There were no real children's clothing in the medieval era. There were two reasons for this. First, Assessing children's clothing is somewhat of a misnomer as the concept of childhood as we know it today did not exist at the time. Second, clothing was less determined by age than social status. Very young boys wore dresses. Once breeched, however, boys were clothed much like their parents. There was no specially designed children's clothing. The great bulk of the population was the peasantry which were serfs. Their status varied regionally and over time. Serf children would wear anything available. Often it was the worn out clothing of their parents or older siblings. The clothing of the peasantry was rough and scratchy. Slowly a small middle class began to develop as cities reappeared in Europe. This was composed of artisans and merchants. They dressed better than the peasantry, but either could not or were not allowed to dress like aristocrats. Their children followed in this pattern. The numerically small elite on the other hands would wear fine clothes. This might include silk robes and damask gowns if they were royalty or rich aristocrats. Again the children of the aristocracy were dressed like their parents.

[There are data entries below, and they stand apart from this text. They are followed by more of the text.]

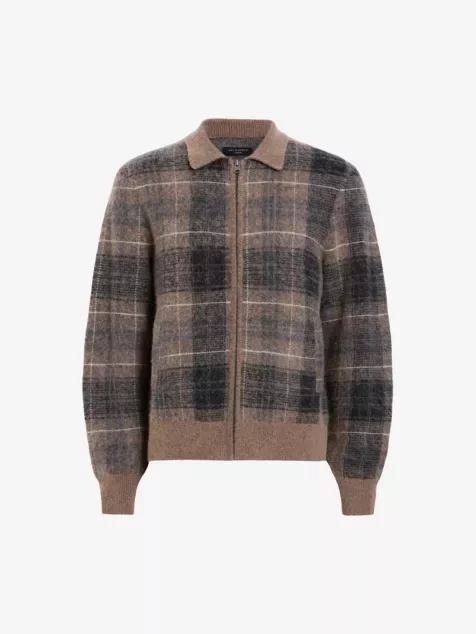 ALLSAINTS Robbie zip-up checked stretch wool and alpaca-blend cardigan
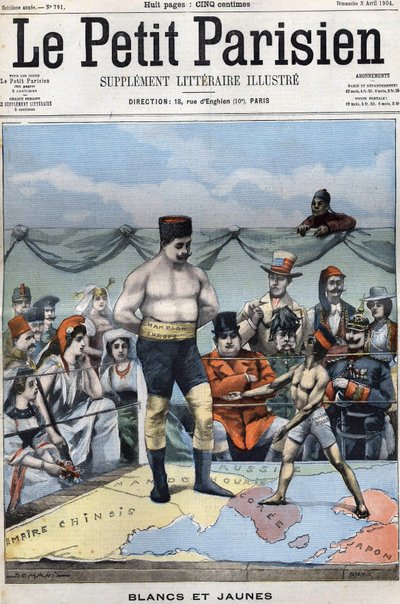 White and Yellow (cartoon about the Russian-Japanese war: countries like France, USA, China... watching Japan and Russia boxing). Cover Le petit Parisien of April 3 by French School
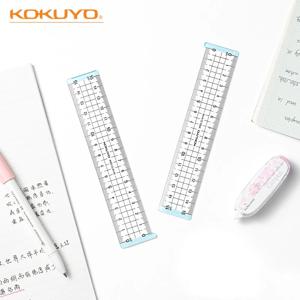 Kokuyo 캠퍼스 쉬운 15cm 눈금자 양면 스케일 투명 아크릴 직선 라이너 규칙, 사무실 학교 용품 A7272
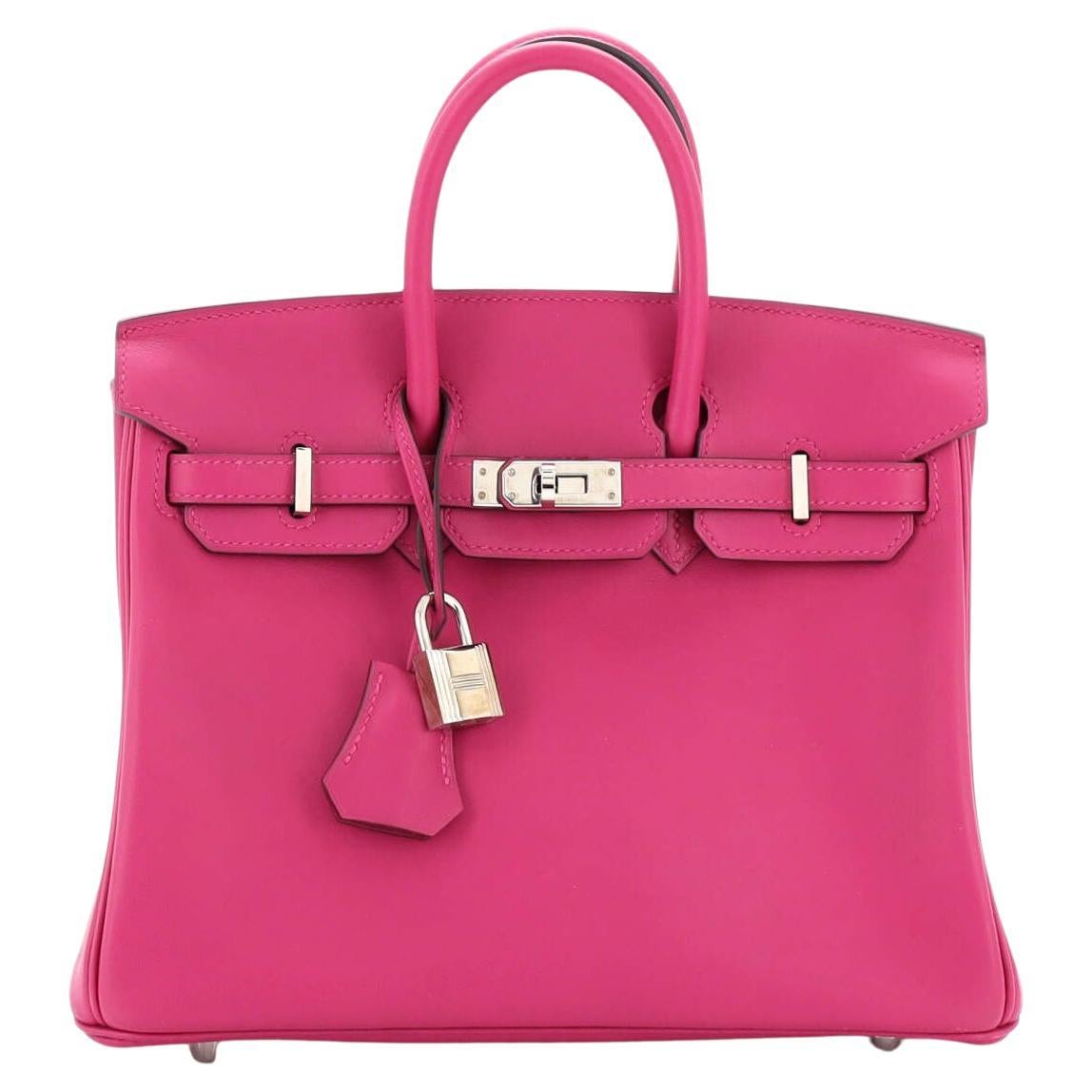 Hermes Birkin Handbag Rose Pourpre Swift with Palladium Hardware 25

A central factor in medieval clothing is the degree to which clothing was determined by social class. The clothing worn by peasants during the medieval era was very simple, largely because they had little disposable income and made their own clothing in their cottages. The peasantry for centuries wore essentially the same clothing. Fashion was a phenomenon of the upper classes. At this time we have only begun to work on medieval fashion. We have addressed page boys. They can be can be considered as basically similar to aristocratic boys in general. A HBC reader makes replica page boys outfits for historical reenactments: Historical Clothing Realm. We have constructed an extensive section on royalty with some pages on medieval royals providing some information on medieval fashion among the upper class.

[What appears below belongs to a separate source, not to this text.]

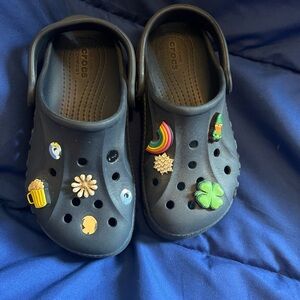 CROCS Kids' Black Slippers with Colorful Charms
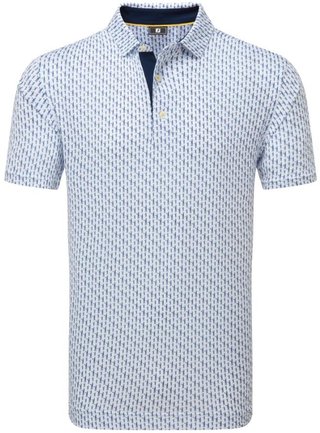 FootJoy Figure Print Lisle polo de hombre, blanco/azul marino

Sumptuary laws were laws controlling personal purchases to prevent extravagance. Commonly in the Medieval era these were laws enacted to prevent commoners such as rich merchants from dressing like the nobility. There was no concern with the nobility dressing extravagantly, although some colors (purple) or furs (ermine) might be reserved to the king or emperor. It was the commoners that were the target of sumptuary laws. These las were designed to perpetuate class and social distinctions and for a variety of economic and political purposes. Thee laws developed especially in the late Medieval era when the economy was expanding and increasing numbers of commoners, especially wealthy merchants, acquired the wealth to purchase fine clothes. With the coming of the Reformation sumptuary Laws with religious motivations appeared.
Our modern nation states began to form during the medieval period. The larger countries and even many of the smaller European countries were in existence by the mid-medieval period in one form or another. Clothing seems, however, remarkably similar throughout Europe. Major national differences in clothing seems to have developed after the medieval period. This is somewhat difficult to assess as our archive and sources of information on the eras are still quite limited. There were some differences imposed by climate, culture, and technology. The Norse were the northern Germanic tribes. They were less in contact with the areas of Europe that had been part of the Roman world. They thus remained pagan and outside the Christian mainstream. They also lived in colder northern Europe. They wore something approaching modern trousers. These primitive trousers were wrapped tightly around the lower leg and secured with fabric bands. This clothing seems similar to that of the Germanic tribes that overwhelmed the Roman Empire to the south.